The Death Of Wallace Amos Jr, 'Famous Amos', Has The Food World Shaken
On Tuesday, Wallace "Wally" Amos Jr., entrepreneur and founder of Famous Amos cookies, died peacefully at his home in Honolulu with his wife, Carol, by his side. "With his Panama hat, kazoo, and boundless optimism, Famous Amos was a great American success story, and a source of Black pride," his children said in a statement. The cause of death was complications related to dementia. Amos was 88.
Born in Tallahassee, Florida, Amos moved to New York at 12. While he dropped out of high school to join the Air Force, he eventually returned to New York to finish a business degree. After getting a job as a mailroom clerk at the William Morris Agency, Amos worked his way up to become the agency's first Black talent agent.
Even before he became "famous Amos," Amos had his brush with fame. At the agency, he signed some of the biggest acts of the 1960s, including Simon and Garfunkel and The Supremes. His secret to success? The homemade cookies he brought to business meetings.

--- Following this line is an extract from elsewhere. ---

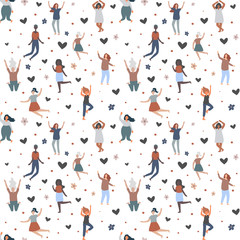Seamless background with multiracial women of different figure type and size jump and have fun. Female cartoon characters pattern. Body positive movement and beauty diversity. Vector illustration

Eventually, Amos quit the entertainment industry. While friends urged him to open a cookie store, Amos worried that a store selling nothing but chocolate chip cookies was doomed. But the idea received an outpouring of support. Client Marvin Gaye contributed $25,000. Former colleagues helped him create an image that the New York Times described as "a Colonel Sanders of chocolate chip cookies." In 1975, he opened a store on Sunset Boulevard.
Amos the entrepreneur
The cookies were a hit. Flavors were limited to chocolate chip with pecan, chocolate chip with peanut butter, and butterscotch chip with pecan, but customers didn't mind the lack of variety. By 1981, the company was worth $12 million. However, sales lagged in the late '80s and Amos sold the company for $3 million in 1988.

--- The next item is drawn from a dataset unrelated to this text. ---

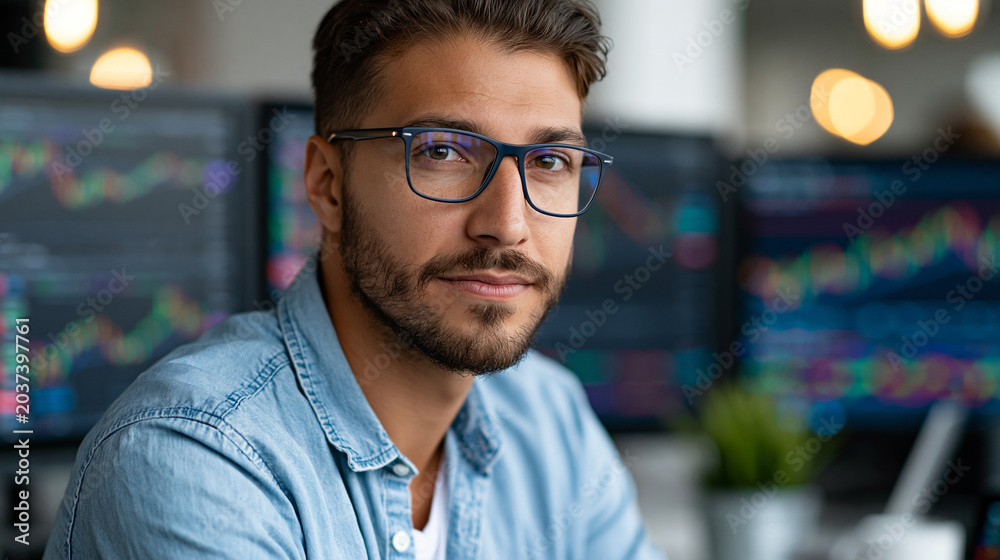 Fototapeta premium Young male crypto trader analyzing digital market fluctuations and candlestick charts on multiple monitors in a dark office, cryptocurrency and stocks concept, defocused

Wallace Amos admitted that fame got to his head. ”I'd lost the company really because I didn't used to listen to people a lot because I was Famous Amos,” he told the New York Times in 1999. With the company went the rights to his name and image — and the original recipe. In interviews, Amos frequently expressed his distaste for the reformulated, mass-market version. Amos attempted several other ventures selling cookies and baked goods, with limited success. He also found work as a motivational speaker, wrote several books, and advocated for literacy. In his later years, he moved to Hawaii, where he opened a modest cookie shop. There, Amos often read to local children.
Amos told NPR that love was part of his secret recipe. "[The cookies] respond to it... they feel that love," he said. Amos also revealed that he talked to his cookies — and, if they were obstinate, he gave them a blast from his kazoo. Amos' family asked fans to donate to the Alzheimer's Association in his memory, adding, "We also know he would love it if you had a chocolate chip cookie today."